## [Task brief]
Print the whole listing again exactly as it stands, leaving out any images.

+ + +

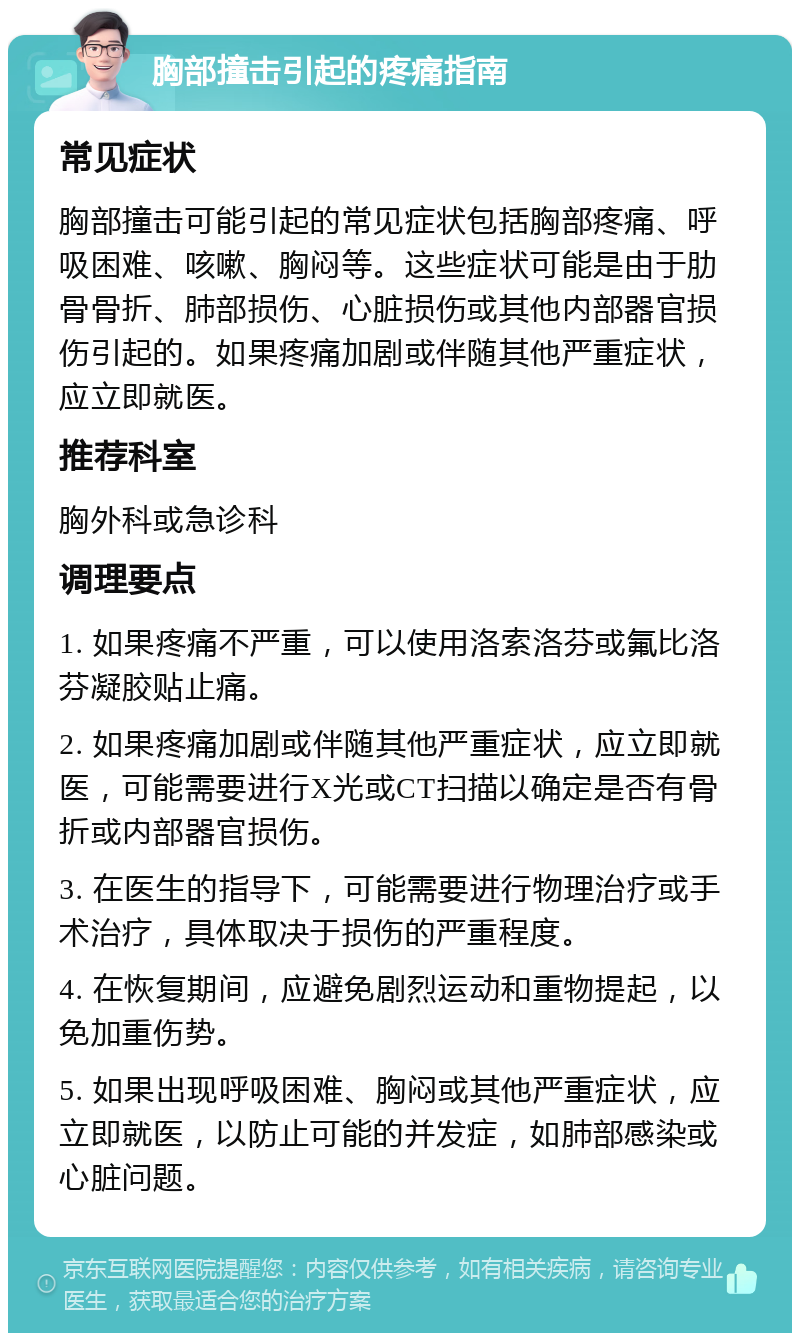 胸部撞击引起的疼痛指南 常见症状 胸部撞击可能引起的常见症状包括胸部疼痛、呼吸困难、咳嗽、胸闷等。这些症状可能是由于肋骨骨折、肺部损伤、心脏损伤或其他内部器官损伤引起的。如果疼痛加剧或伴随其他严重症状，应立即就医。 推荐科室 胸外科或急诊科 调理要点 1. 如果疼痛不严重，可以使用洛索洛芬或氟比洛芬凝胶贴止痛。 2. 如果疼痛加剧或伴随其他严重症状，应立即就医，可能需要进行X光或CT扫描以确定是否有骨折或内部器官损伤。 3. 在医生的指导下，可能需要进行物理治疗或手术治疗，具体取决于损伤的严重程度。 4. 在恢复期间，应避免剧烈运动和重物提起，以免加重伤势。 5. 如果出现呼吸困难、胸闷或其他严重症状，应立即就医，以防止可能的并发症，如肺部感染或心脏问题。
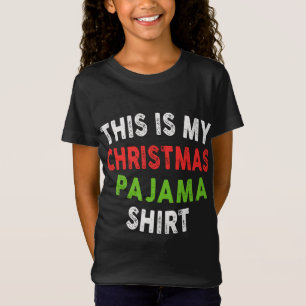 This is My Christmas Pajama Shirt Funny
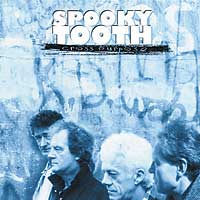 Spooky Tooth - Cross Purpose cover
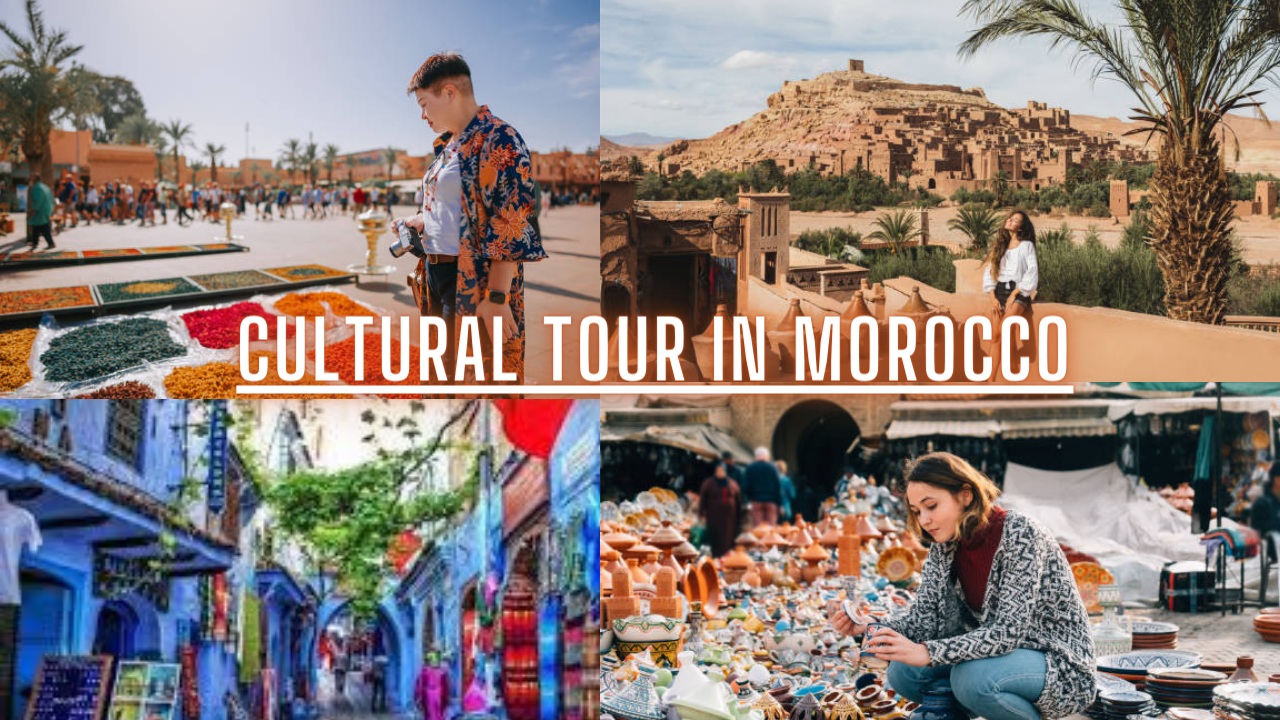 Exploring the Heart of Morocco: A Cultural Tour Experience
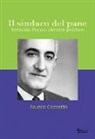 Fausto Cozzetto - Il sindaco del pane. Settimio Perna. Ritratto politico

+ + +

## [Reply]
 胸部撞击引起的疼痛指南 常见症状 胸部撞击可能引起的常见症状包括胸部疼痛、呼吸困难、咳嗽、胸闷等。这些症状可能是由于肋骨骨折、肺部损伤、心脏损伤或其他内部器官损伤引起的。如果疼痛加剧或伴随其他严重症状，应立即就医。 推荐科室 胸外科或急诊科 调理要点 1. 如果疼痛不严重，可以使用洛索洛芬或氟比洛芬凝胶贴止痛。 2. 如果疼痛加剧或伴随其他严重症状，应立即就医，可能需要进行X光或CT扫描以确定是否有骨折或内部器官损伤。 3. 在医生的指导下，可能需要进行物理治疗或手术治疗，具体取决于损伤的严重程度。 4. 在恢复期间，应避免剧烈运动和重物提起，以免加重伤势。 5. 如果出现呼吸困难、胸闷或其他严重症状，应立即就医，以防止可能的并发症，如肺部感染或心脏问题。
 This is My Christmas Pajama Shirt Funny
 Spooky Tooth - Cross Purpose cover
 Exploring the Heart of Morocco: A Cultural Tour Experience
 Fausto Cozzetto - Il sindaco del pane. Settimio Perna. Ritratto politico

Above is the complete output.